=== WHAT IS NEEDED ===
Reproduce all of the data exactly.

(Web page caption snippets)
# # # # #

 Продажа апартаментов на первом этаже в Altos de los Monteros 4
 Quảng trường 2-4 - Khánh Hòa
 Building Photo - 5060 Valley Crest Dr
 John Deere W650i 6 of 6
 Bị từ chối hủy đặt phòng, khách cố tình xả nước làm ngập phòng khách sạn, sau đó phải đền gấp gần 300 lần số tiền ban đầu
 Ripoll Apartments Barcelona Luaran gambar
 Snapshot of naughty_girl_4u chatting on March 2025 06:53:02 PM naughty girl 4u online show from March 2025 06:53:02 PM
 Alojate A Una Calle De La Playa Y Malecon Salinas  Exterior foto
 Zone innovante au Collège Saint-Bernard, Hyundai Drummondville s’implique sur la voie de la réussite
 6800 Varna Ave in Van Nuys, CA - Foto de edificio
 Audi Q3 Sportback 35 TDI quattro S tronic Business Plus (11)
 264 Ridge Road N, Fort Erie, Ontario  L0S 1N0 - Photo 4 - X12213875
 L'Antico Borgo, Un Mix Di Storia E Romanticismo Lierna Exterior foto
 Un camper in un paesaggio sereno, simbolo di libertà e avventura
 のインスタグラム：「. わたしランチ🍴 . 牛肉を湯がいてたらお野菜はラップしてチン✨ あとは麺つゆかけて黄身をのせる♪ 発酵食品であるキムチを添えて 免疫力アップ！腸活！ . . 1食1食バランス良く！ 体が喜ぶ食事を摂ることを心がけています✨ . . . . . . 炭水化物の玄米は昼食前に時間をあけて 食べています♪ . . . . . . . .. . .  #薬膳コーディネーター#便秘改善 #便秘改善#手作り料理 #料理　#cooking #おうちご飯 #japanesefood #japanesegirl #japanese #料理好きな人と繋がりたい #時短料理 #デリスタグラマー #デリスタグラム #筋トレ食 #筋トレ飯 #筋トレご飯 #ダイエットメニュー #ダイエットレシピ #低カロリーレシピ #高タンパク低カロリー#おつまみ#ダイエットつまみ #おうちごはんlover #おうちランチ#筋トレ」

# # # # #

=== EXERCISE SOLUTION ===
 Продажа апартаментов на первом этаже в Altos de los Monteros 4
 Quảng trường 2-4 - Khánh Hòa
 Building Photo - 5060 Valley Crest Dr
 John Deere W650i 6 of 6
 Bị từ chối hủy đặt phòng, khách cố tình xả nước làm ngập phòng khách sạn, sau đó phải đền gấp gần 300 lần số tiền ban đầu
 Ripoll Apartments Barcelona Luaran gambar
 Snapshot of naughty_girl_4u chatting on March 2025 06:53:02 PM naughty girl 4u online show from March 2025 06:53:02 PM
 Alojate A Una Calle De La Playa Y Malecon Salinas  Exterior foto
 Zone innovante au Collège Saint-Bernard, Hyundai Drummondville s’implique sur la voie de la réussite
 6800 Varna Ave in Van Nuys, CA - Foto de edificio
 Audi Q3 Sportback 35 TDI quattro S tronic Business Plus (11)
 264 Ridge Road N, Fort Erie, Ontario  L0S 1N0 - Photo 4 - X12213875
 L'Antico Borgo, Un Mix Di Storia E Romanticismo Lierna Exterior foto
 Un camper in un paesaggio sereno, simbolo di libertà e avventura
 のインスタグラム：「. わたしランチ🍴 . 牛肉を湯がいてたらお野菜はラップしてチン✨ あとは麺つゆかけて黄身をのせる♪ 発酵食品であるキムチを添えて 免疫力アップ！腸活！ . . 1食1食バランス良く！ 体が喜ぶ食事を摂ることを心がけています✨ . . . . . . 炭水化物の玄米は昼食前に時間をあけて 食べています♪ . . . . . . . .. . .  #薬膳コーディネーター#便秘改善 #便秘改善#手作り料理 #料理　#cooking #おうちご飯 #japanesefood #japanesegirl #japanese #料理好きな人と繋がりたい #時短料理 #デリスタグラマー #デリスタグラム #筋トレ食 #筋トレ飯 #筋トレご飯 #ダイエットメニュー #ダイエットレシピ #低カロリーレシピ #高タンパク低カロリー#おつまみ#ダイエットつまみ #おうちごはんlover #おうちランチ#筋トレ」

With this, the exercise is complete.